* [What is expected]:
Return a copy of every line in the data below that contains "underwear".

Task input section start

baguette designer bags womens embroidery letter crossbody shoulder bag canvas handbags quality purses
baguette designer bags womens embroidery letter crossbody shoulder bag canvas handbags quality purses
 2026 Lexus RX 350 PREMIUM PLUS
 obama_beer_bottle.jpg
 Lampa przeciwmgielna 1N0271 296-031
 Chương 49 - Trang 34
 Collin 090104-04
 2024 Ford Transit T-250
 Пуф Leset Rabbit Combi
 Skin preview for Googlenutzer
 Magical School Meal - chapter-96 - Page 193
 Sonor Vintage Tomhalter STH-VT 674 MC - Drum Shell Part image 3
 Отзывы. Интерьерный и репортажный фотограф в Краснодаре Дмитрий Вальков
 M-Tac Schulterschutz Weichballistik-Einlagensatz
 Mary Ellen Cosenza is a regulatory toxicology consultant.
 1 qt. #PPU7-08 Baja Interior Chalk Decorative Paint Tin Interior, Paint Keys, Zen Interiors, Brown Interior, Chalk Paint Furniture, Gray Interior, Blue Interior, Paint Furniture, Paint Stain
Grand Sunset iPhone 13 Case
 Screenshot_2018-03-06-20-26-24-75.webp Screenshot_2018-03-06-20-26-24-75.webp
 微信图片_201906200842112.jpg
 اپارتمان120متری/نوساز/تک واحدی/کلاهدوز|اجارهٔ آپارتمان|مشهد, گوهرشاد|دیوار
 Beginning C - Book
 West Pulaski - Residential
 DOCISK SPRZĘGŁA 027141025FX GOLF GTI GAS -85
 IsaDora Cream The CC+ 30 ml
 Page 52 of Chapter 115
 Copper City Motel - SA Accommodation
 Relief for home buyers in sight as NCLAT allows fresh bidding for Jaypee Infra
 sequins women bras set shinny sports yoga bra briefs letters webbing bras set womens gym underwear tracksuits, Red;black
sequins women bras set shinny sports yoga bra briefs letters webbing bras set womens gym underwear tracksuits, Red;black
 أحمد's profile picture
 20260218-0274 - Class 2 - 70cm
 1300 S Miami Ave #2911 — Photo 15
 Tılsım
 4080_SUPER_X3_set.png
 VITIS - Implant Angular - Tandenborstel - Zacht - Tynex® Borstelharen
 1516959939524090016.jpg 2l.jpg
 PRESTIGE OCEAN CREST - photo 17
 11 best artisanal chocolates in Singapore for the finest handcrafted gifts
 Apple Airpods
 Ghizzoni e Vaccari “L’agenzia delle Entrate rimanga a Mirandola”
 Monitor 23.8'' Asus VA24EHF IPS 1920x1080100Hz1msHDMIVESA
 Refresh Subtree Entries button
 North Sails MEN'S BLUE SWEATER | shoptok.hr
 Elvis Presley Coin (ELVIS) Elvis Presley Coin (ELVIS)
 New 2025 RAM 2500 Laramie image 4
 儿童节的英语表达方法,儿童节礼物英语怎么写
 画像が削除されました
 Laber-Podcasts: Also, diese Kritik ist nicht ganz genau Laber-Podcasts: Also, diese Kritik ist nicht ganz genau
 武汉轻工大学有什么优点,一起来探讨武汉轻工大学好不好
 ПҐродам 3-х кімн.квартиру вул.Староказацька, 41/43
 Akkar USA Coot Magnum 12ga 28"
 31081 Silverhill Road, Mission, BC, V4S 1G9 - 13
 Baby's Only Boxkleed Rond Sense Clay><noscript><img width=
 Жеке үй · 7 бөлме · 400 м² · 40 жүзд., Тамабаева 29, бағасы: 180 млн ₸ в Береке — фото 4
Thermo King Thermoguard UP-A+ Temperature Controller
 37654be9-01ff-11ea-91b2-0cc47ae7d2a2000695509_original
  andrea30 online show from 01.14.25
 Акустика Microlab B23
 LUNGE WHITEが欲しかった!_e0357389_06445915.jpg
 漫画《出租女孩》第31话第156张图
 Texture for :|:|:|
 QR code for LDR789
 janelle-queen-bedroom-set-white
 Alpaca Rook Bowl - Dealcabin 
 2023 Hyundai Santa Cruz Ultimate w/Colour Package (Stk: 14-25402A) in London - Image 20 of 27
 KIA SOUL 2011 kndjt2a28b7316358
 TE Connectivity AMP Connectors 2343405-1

Task input section end

* [Reply to the exercise]:
 sequins women bras set shinny sports yoga bra briefs letters webbing bras set womens gym underwear tracksuits, Red;black
sequins women bras set shinny sports yoga bra briefs letters webbing bras set womens gym underwear tracksuits, Red;black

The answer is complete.